This “Process” that I’m walking with words is to “Purify” my vocabulary, by taking a few of the most “Prolific” words that I use, describe how I have used them, and correcting if needed the context in which I use them, by going through the Alphabet from “A” to “Z”.
“Sitting” in this “Sanctuary” in which I call home, “Surrounded” by these walls that “Seems” to close in whenever I’m in my mind and forget to Breathe out in “Space”, as the time “Slowly” “Slips” by, I find my-‘Self” dozing off, then wake up like holy “Shit” what was that, “Stating” I’m “Sorry” to my body for “Shutting” down, in the moment that it was “Showing” me the face of Procrastination I often times participate in, as the first “Sin” of Rebellion, but unable to “See” it because my mind is (Let’s “Say”) elsewhere and not Here.
Being that I was “Stuck” in a moment of wanting to be “Saved” that I’ve engrained within me, as the first “Step” of Religion, the belief that one needs to be “Saved”, but from what though, was my question, while holding open a back door just in case I couldn’t “Save” myself., then realized ‘Hey wait a minute “STOP”, this is not who you are, but only after the fact of a wasted moment, I mean this is what “Self” “Sees” that I fail to take responsibility for.
“Short” “Shirts” and mini “Skirt” busting at the “Seams” that “Screams” the “Statement” look at me, I’m ready for “Sex”, that preys on the imagination of the innocent, driven by movie “Scenes” at the Cinema, that will eventually turn predator because the prey has become “Selective”, as to who they’re dressing up for, that “Society” deems to be an acceptable as a way to find a mate, but wait what happen to comfortability as a Theme, that’s now only remnants of a dreams when living in the 50’s, I mean where did we all go wrong.

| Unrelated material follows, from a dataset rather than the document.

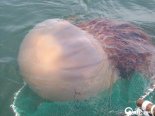“물놀이하러 제주도 갈 때 주의하세요” 폭염에 벌써 나타난 불청객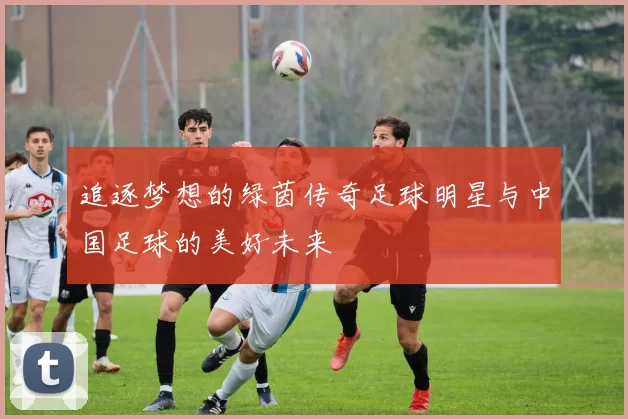 追逐梦想的绿茵传奇足球明星与中国足球的美好未来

Was it at the point of “Searching” for “Salvation” to “Save” our “Soul” in order to live a Positive Life, while in the meantime manifesting “Satan” to take the blame for the thoughts in our “Secret” Minds, that we Perpetuate at Night times or when nobody’s looking, “So” we think, but it’s written all over our face, when trying to “Save” Face in front of others – that who we are is what we “See” in fact, and think the “Same” thing. This is what “Self” “Sees” that I/We haven’t taken Responsibility for.
Being born in “Sin” and “Shaped” in Iniquity, without realizing what the word even means, lol, is one step away from asking for a “Savior” to “Save” me or at least explain this word to me, that I have “Seen”/used the word “Savior” in a Positive connotation in there of it, which takes me back to the “Sanctuary” I call home, “Stuck” in a moment of wanting to be “Saved”, and thus have defined being “Saved” as a Positive thing.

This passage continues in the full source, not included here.